*Entries shown:*

BEGIN

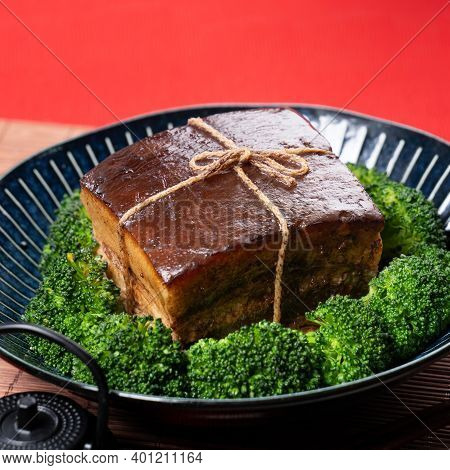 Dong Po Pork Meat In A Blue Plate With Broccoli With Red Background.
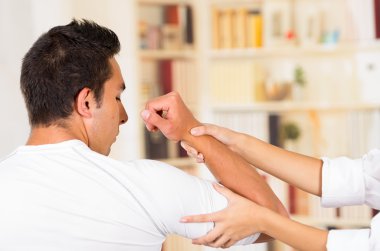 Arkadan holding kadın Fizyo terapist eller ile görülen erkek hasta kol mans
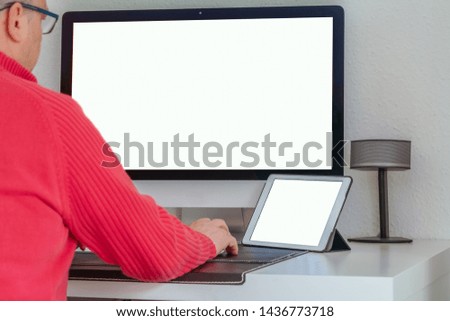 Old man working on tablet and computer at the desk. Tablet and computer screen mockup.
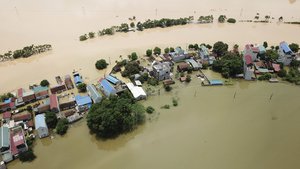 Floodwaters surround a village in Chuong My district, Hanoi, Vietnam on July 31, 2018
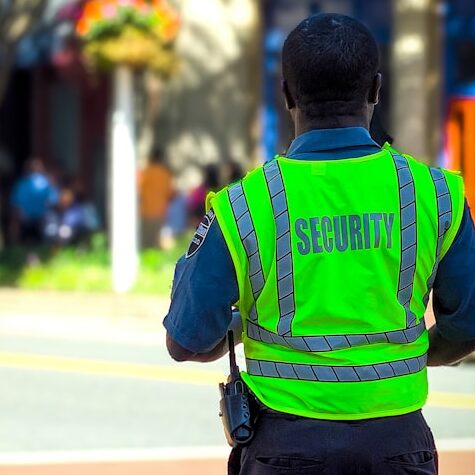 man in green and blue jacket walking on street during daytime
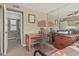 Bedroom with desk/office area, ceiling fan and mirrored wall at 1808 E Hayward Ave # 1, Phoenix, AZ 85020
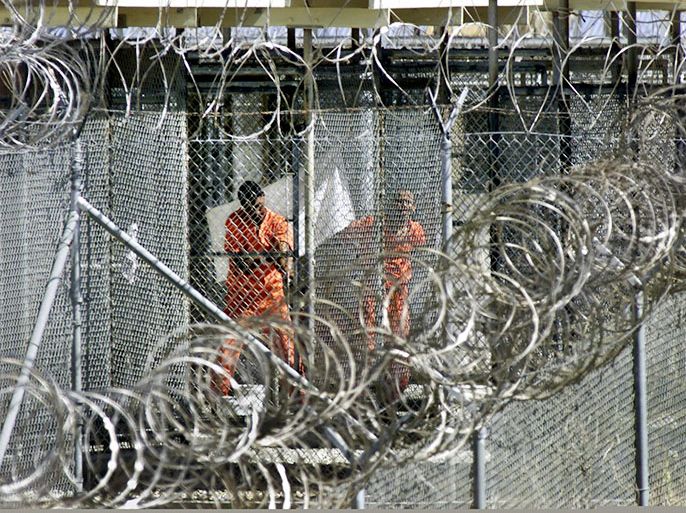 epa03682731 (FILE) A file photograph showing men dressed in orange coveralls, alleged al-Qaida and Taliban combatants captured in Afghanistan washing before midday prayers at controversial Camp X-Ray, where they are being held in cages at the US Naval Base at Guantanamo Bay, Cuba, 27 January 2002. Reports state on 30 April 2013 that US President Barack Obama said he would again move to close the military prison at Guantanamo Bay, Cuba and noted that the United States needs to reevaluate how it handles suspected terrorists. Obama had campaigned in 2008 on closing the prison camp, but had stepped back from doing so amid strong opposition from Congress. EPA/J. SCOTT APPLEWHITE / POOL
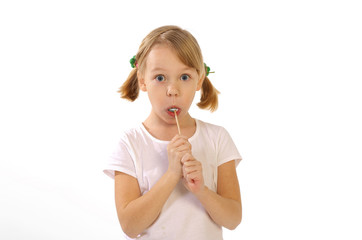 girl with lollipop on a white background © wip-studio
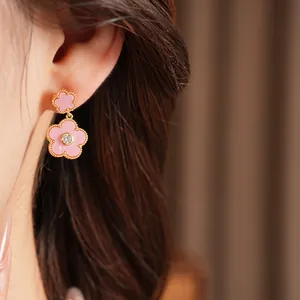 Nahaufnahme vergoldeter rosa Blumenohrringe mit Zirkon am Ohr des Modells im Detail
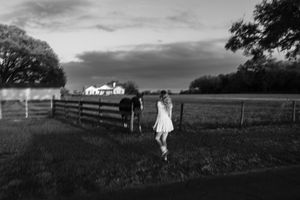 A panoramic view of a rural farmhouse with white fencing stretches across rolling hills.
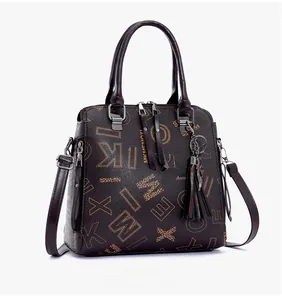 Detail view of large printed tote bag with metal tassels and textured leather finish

END
BEGIN

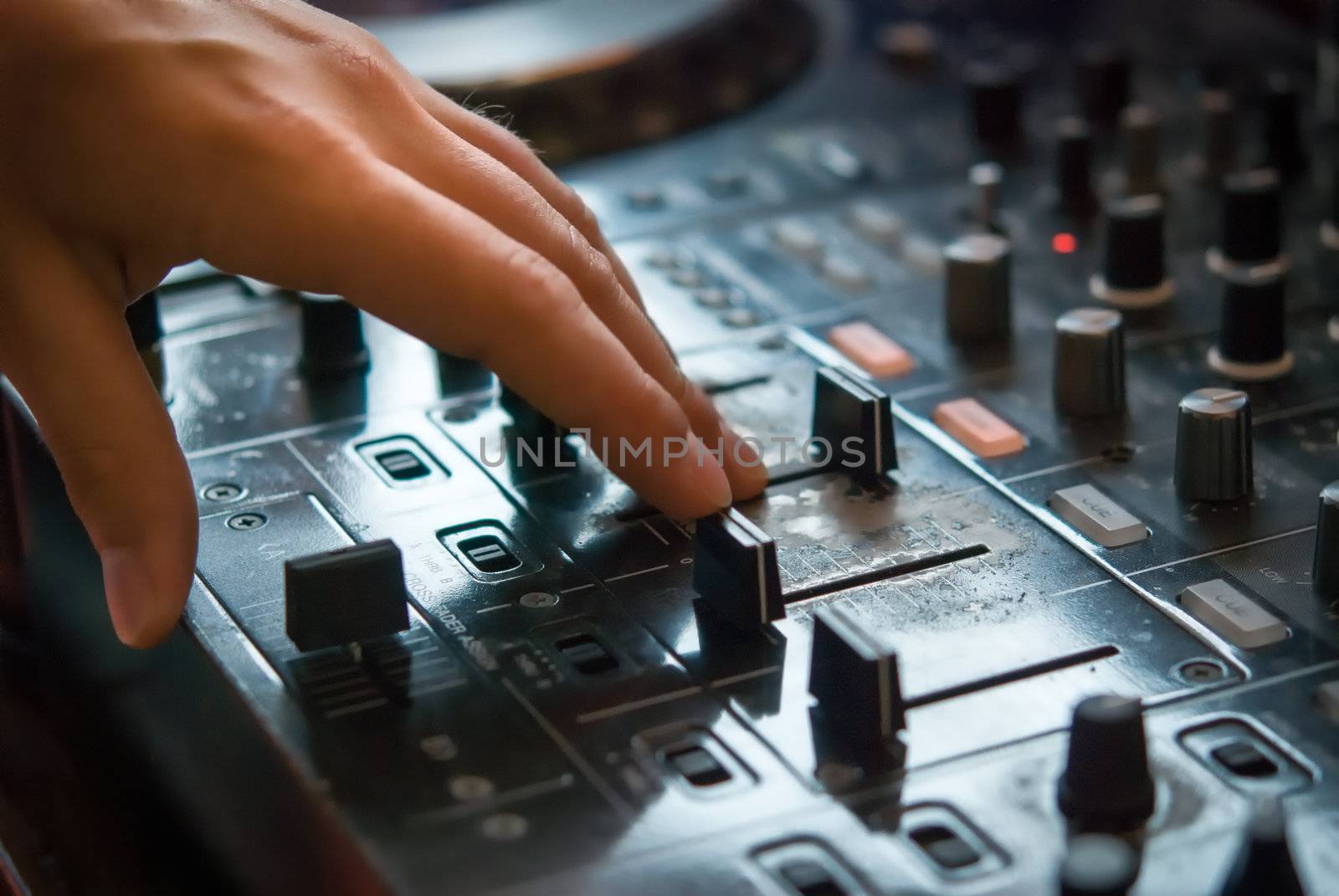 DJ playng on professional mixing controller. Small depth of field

END

*Exercise prompt:*
Though the entries above contain pictures, none should be copied; reproduce only the lines between the one holding "Bedroom with desk/office" and the one holding "Detail view of", inclusive, exactly as written.

*Result of this task:*
 Bedroom with desk/office area, ceiling fan and mirrored wall at 1808 E Hayward Ave # 1, Phoenix, AZ 85020
 epa03682731 (FILE) A file photograph showing men dressed in orange coveralls, alleged al-Qaida and Taliban combatants captured in Afghanistan washing before midday prayers at controversial Camp X-Ray, where they are being held in cages at the US Naval Base at Guantanamo Bay, Cuba, 27 January 2002. Reports state on 30 April 2013 that US President Barack Obama said he would again move to close the military prison at Guantanamo Bay, Cuba and noted that the United States needs to reevaluate how it handles suspected terrorists. Obama had campaigned in 2008 on closing the prison camp, but had stepped back from doing so amid strong opposition from Congress. EPA/J. SCOTT APPLEWHITE / POOL
 girl with lollipop on a white background © wip-studio
 Nahaufnahme vergoldeter rosa Blumenohrringe mit Zirkon am Ohr des Modells im Detail
 A panoramic view of a rural farmhouse with white fencing stretches across rolling hills.
 Detail view of large printed tote bag with metal tassels and textured leather finish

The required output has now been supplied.